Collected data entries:
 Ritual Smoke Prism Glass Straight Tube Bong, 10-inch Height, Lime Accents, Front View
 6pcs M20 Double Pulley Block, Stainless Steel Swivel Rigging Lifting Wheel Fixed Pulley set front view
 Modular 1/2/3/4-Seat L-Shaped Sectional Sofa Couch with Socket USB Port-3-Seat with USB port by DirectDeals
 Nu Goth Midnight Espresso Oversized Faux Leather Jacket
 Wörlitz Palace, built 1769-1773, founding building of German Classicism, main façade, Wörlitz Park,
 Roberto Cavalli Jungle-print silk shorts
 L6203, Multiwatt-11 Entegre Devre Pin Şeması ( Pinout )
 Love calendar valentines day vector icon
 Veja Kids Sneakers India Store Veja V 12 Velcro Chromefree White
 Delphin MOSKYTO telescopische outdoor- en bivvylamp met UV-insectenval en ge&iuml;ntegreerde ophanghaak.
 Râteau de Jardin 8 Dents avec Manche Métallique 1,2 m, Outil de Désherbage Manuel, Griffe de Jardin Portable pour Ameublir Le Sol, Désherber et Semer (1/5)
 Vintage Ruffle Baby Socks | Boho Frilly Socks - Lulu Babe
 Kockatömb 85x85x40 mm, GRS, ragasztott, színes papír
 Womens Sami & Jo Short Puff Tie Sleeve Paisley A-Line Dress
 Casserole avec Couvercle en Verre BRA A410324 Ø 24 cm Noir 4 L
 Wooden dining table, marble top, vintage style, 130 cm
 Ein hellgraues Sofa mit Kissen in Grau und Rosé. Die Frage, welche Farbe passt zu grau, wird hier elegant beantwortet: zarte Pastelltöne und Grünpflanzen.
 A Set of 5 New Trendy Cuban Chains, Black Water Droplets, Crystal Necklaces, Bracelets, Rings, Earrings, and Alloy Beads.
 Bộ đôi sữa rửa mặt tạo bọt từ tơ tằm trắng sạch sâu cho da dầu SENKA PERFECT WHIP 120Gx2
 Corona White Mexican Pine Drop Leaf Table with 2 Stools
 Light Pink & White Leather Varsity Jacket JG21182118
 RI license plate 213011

### EXERCISE AIM
Copy out all lines above holding "avec".

### EXERCISE SOLUTION
 Râteau de Jardin 8 Dents avec Manche Métallique 1,2 m, Outil de Désherbage Manuel, Griffe de Jardin Portable pour Ameublir Le Sol, Désherber et Semer (1/5)
 Casserole avec Couvercle en Verre BRA A410324 Ø 24 cm Noir 4 L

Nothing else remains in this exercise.